Стилистически «Джерри» разительно отличается от того, что вы делали до этого. Как так произошло?

Два или три года назад, как-то летом в Нью-Йорке, я смотрел шестичасовой фильм Белы Тарра под названием «Сатанинское танго» (Satantango). И хотя до этого мне приходилось видеть долгие планы в фильмах Андрея Тарковского или в «Жанне Дильман» Шанталь Акерман, но то, что я увидел в работе Белы, перемешалось с определенными идеями, которые были в моей голове, и которые я прежде не выражал именно в таком стиле. Создать «Джерри» в подобной стилистике не сразу пришло мне на ум. Поскольку бюджет был крайне мал, я собирался отправиться в пустыню вместе с Мэттом и Кейси, и собственноручно снимать на цифровое видео. Т.е. визуально фильм бы напоминал «Ведьму из Блэр» или что-то в этом роде. [Смеется]. Я допускал, что мы собирались сделать фильм в пустыне в стилистике Джона Кассаветиса. И так как мы собирались снимать на DV, я представлял себе, что изображение будет выглядеть несколько грубовато, и, в некотором смысле, мы создавали стиль фильма в процессе работы. Однако, Кейси убедил меня снимать на 35 мм, и когда мы попробовали снимать уже на 35 мм, все изменилось. С этого момента мы больше не снимали фильм, который я изначально представлял себе. Вместе с тем, нас одолевали новые идеи, которые мы записывали, и фиксировали возможные способы их реализации. Все стало двигаться в определенном направлении. «Сатанинское танго» и «Жанне Дильман» показали мне, каким образом необходимо работать с материалом, который был выбран.

Как бы выглядела DV версия?

Когда состояние фильма было еще достаточно неопределенным, я думал, что мы будем иметь дело с импровизированными диалогами. Это было бы что-то вроде «Женщины не в себе» (A Woman Under The Influence), но только в пустыне. Но я никогда не равнялся на Кассаветиса. Просто сама мысль меня вдохновляла, как только я начинал думать о проекте. Полагаю, что в голову приходит именно Кассаветис, потому что у нас не было сценария. Хотя он-то всегда имел сценарий, просто его фильмы выглядели так, как будто сценария у него не было. Однако концепция развивалась по мере осмысления того, что происходило с героями. Вообще-то мы сделали очень много набросков в пустыне. Оказавшись там, ваше поведение радикально меняется.

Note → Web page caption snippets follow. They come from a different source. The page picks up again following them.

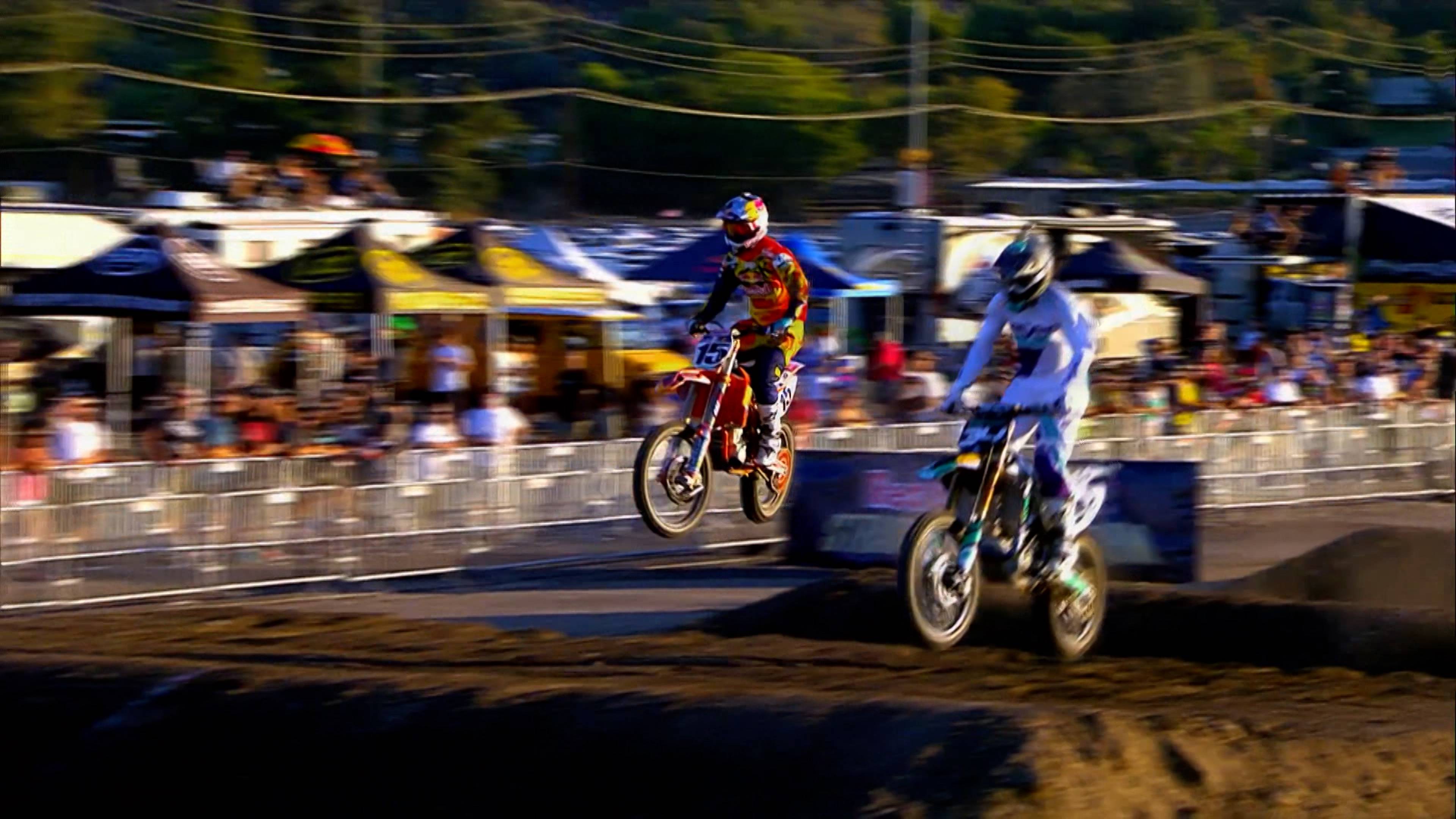 ريد بول ستريت ريثم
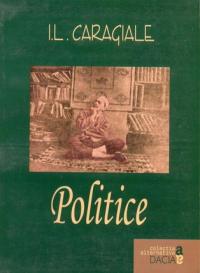 Politice - I.l. Caragiale
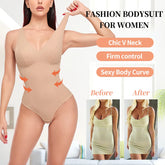 Slimming Underwear Bodysuit Women - Lena & Miles Exquisite Boutique LLC.
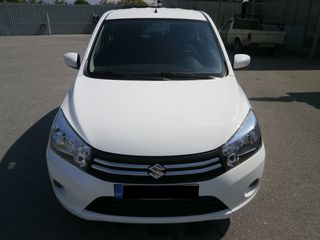Suzuki Celerio 2018 ΑΥΤΟΜΑΤΟ - ΕΛΛΗΝΙΚΟ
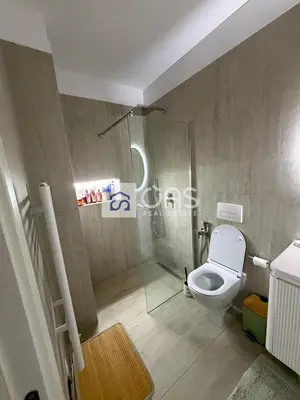 Apartament 1+1 me qera në Liqeni i Thatë, Tiranë, 65 m². Foto 6 nga 8
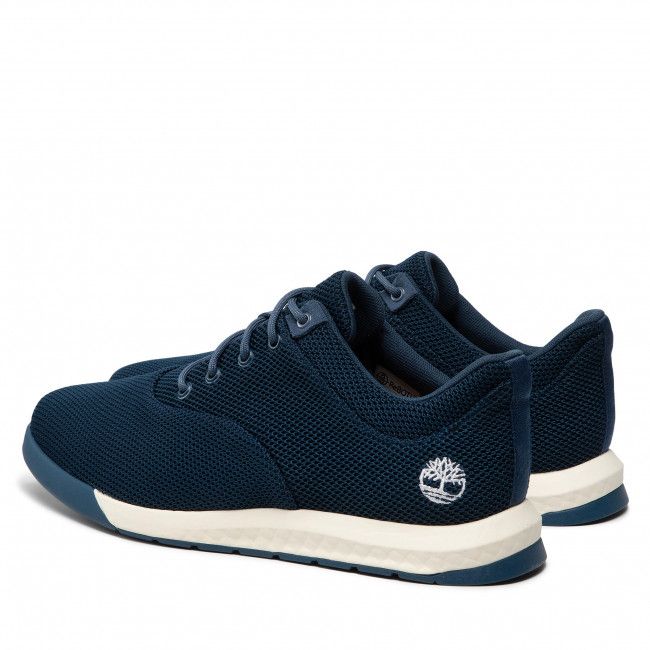 Sneakers Timberland - Killington Ultra Knit Ox TB0A2FYW288 Dark Blue Knit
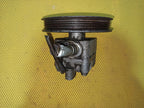 Bomba Direccion Hidraulica Mitsubishi 2.4 Eclipse 00-04 Orig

Как выглядела премьера фильма?

У нас было организовано два или три просмотра для наших друзей в Нью-Йорке, где мы занимались монтажом фильма. Среди советчиков у меня были знакомые, которые  всегда скажут то, что они думают. Но также были люди, с которыми ладить было не так-то просто, и у которых были непоколебимые позиции. Зная, что они за люди и зная их точку зрения, а также предполагая, что они ничего не утаят, я был спокоен за проделанную работу. За исключением каких-то пятидесяти человек, мы больше никому не показывали фильм до самой премьеры на фестивале Сандэнс, на которой собралось порядка тысячи зрителей. Когда фильм стали показывать на экране, я действительно занервничал, думая: «О Боже, что же мы натворили?». [Смеется]. В целом, я думал, что все равно просмотр прошел довольно-таки неплохо. Я сидел в заднем ряду и сосчитал, что только восемь человек покинули зал. В принципе, это совсем неплохо, в соотношении с 1000 человек.

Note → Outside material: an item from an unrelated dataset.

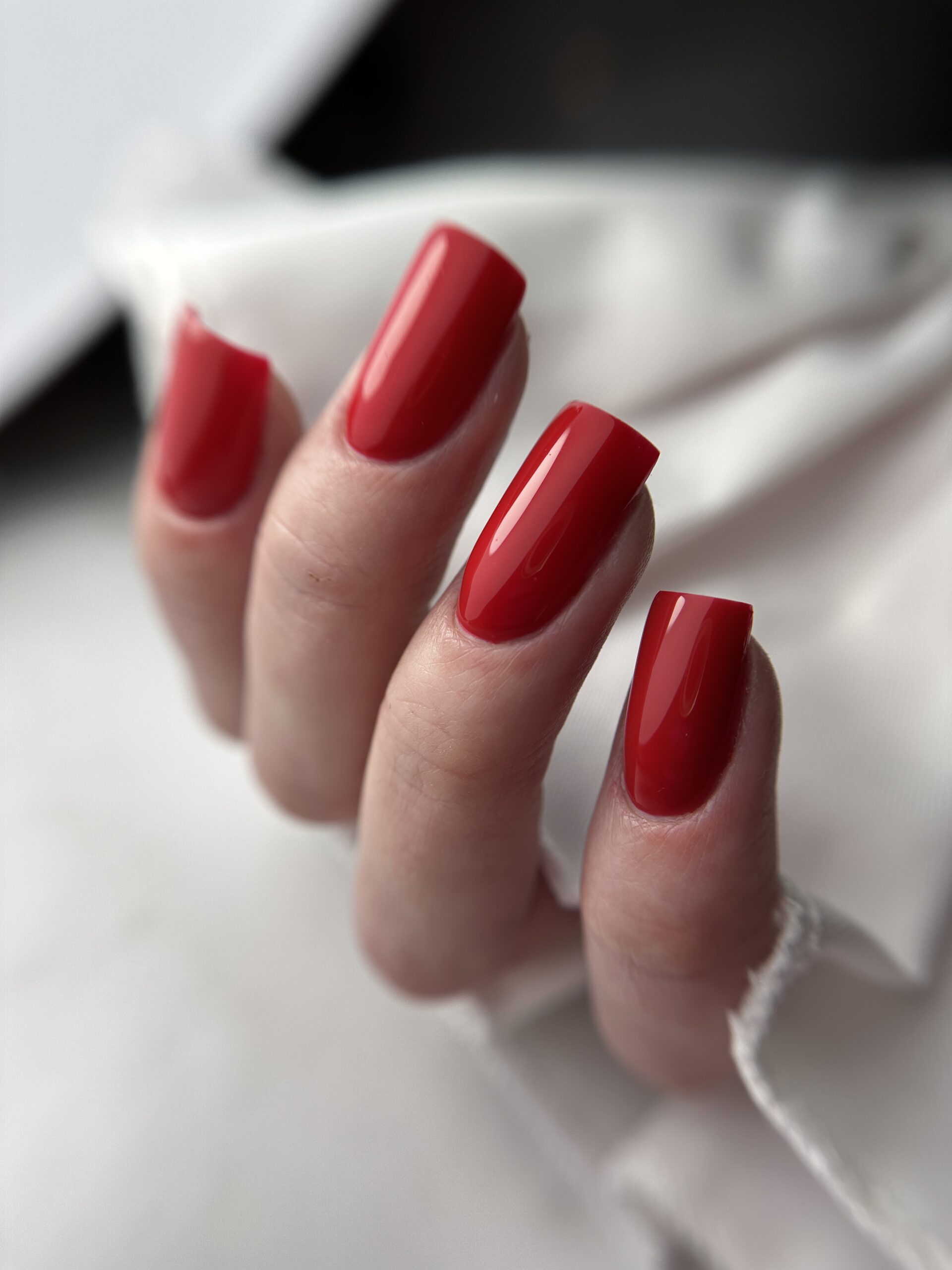 Manilistka – Twoja stylistka od mani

Какова была реакция на фильм в целом?

Весьма противочеривая. Стивен Холден из «Нью-Йорк Таймс» не очень-то жаловал нас ещё с фильмом «Найти Форрестера», но его рецензия, в начале негативная, где-то с середины превратилась в хвалебную. Однако потом критики из New York Observer обозвали нас «болванами». [Смеется]

Ожидали ли Вы, что фильм получится настолько неоднозначным, когда вы его монтировали?

Нет, мы просто пытались снять кино. Мы и думать не смели о том, что «ага, это точно должно их зацепить» или что-то в этом роде.

Фильмы вроде «Джерри» — не редкость на международной сцене, но довольно необычны для американского независимого кино. Возможно, у зрителей существуют определенные требования к американским историям, которые осложняют восприятие фильмов подобных «Джерри»?

Все меняется так быстро, что иногда трудно придерживаться чего-либо конкретного. Я не думаю, что американский независимый кинематограф когда-либо был экспериментальным, за исключением тех незаурядных ребят из 60-х вроде Стэна Брэкеджа, Роберта Бреера и Стэна ван дер Бика, которые оказали огромное влияние. Они были по-настоящему независимыми кинематографистами. По правде говоря, американское независимое кино как оно есть появилось на кинофестивале Сандэнс… Многие фильмы показывают студентам, вроде «Клерков» или «Криминального чтива», и это забавно. Иногда, когда зрители надеются увидеть «Криминальное чтиво», но наталкиваются на «Джерри», я не уверен, что из этого выходит что-то хорошее. [Смеется]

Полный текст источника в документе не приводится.